The data:

----------

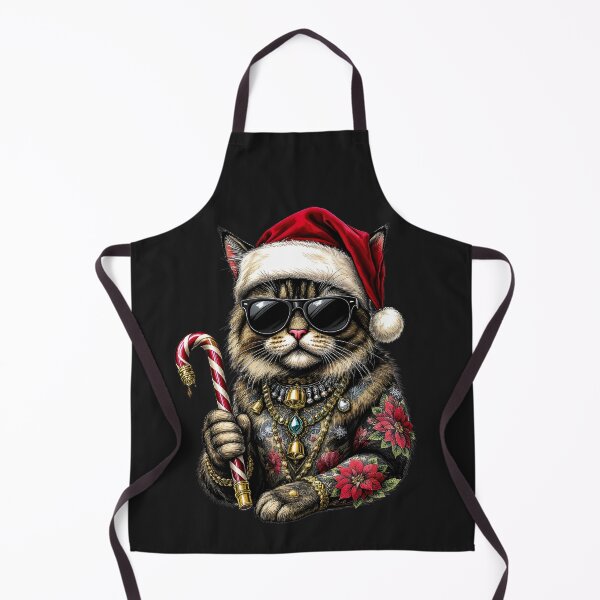 Item preview, Ultra-Premium Christmas Cat Emperor | Luxurious Cat with Christmas Tattoos & Candy Cane designed and sold by ColorSplash123.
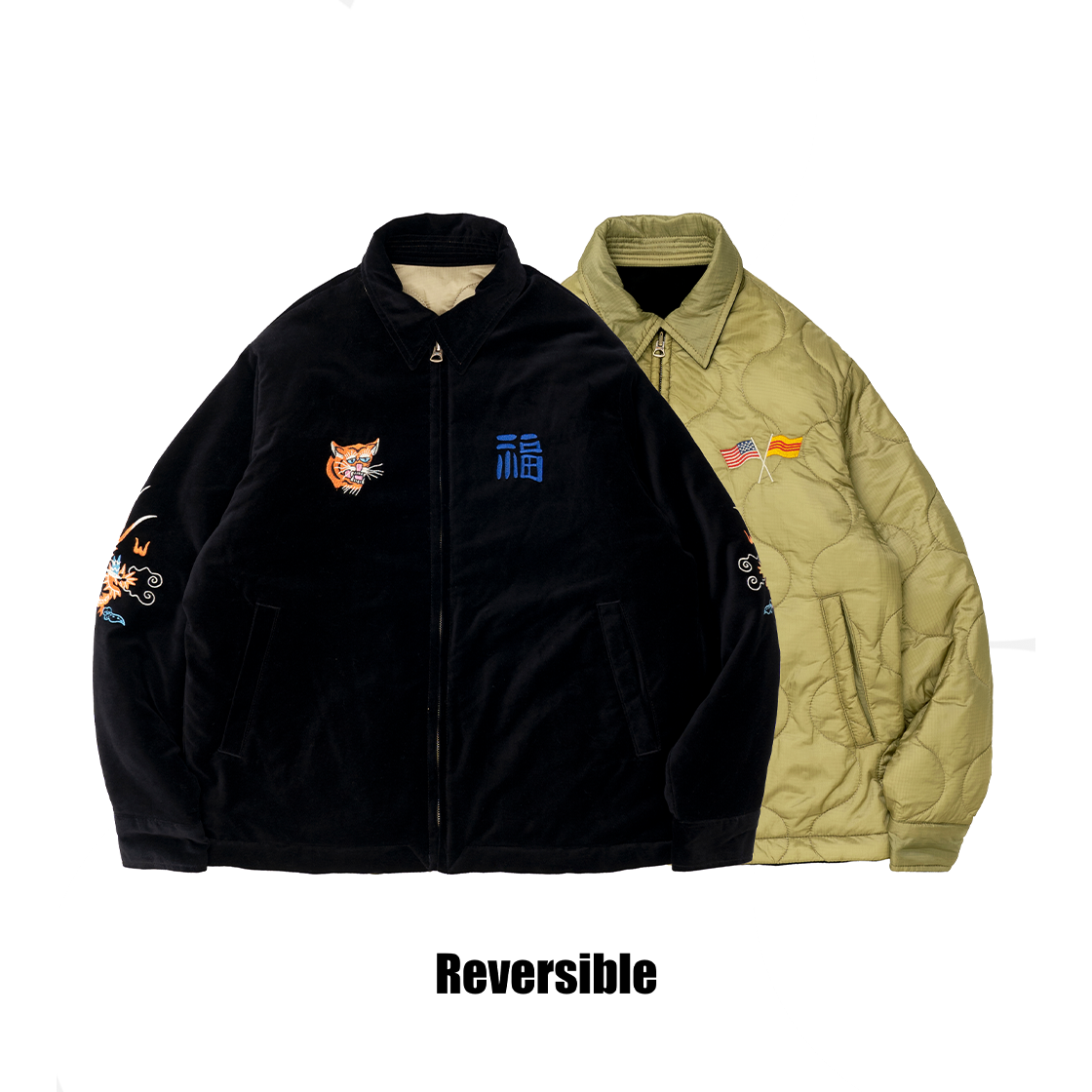 51515BKOD Houston Japan Reversible Vietnam Jacket Black 51515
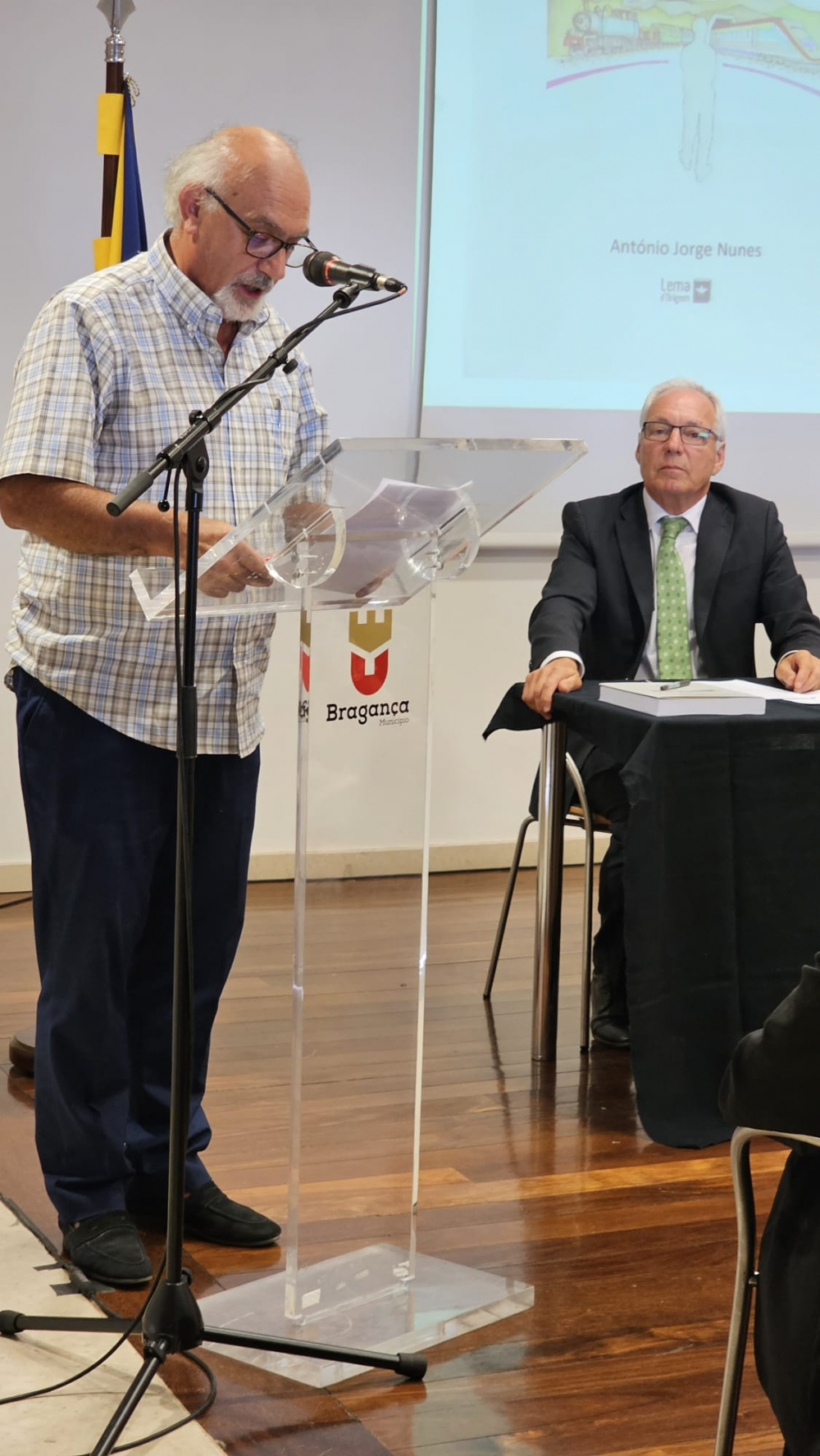 Jorge Nunes apresentou o livro “Ferrovia em Trás-os-Montes"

----------

What the task requires: Please give back the material above exactly as written, pictures omitted.

Result for this exercise:
 Item preview, Ultra-Premium Christmas Cat Emperor | Luxurious Cat with Christmas Tattoos & Candy Cane designed and sold by ColorSplash123.
 51515BKOD Houston Japan Reversible Vietnam Jacket Black 51515
 Jorge Nunes apresentou o livro “Ferrovia em Trás-os-Montes"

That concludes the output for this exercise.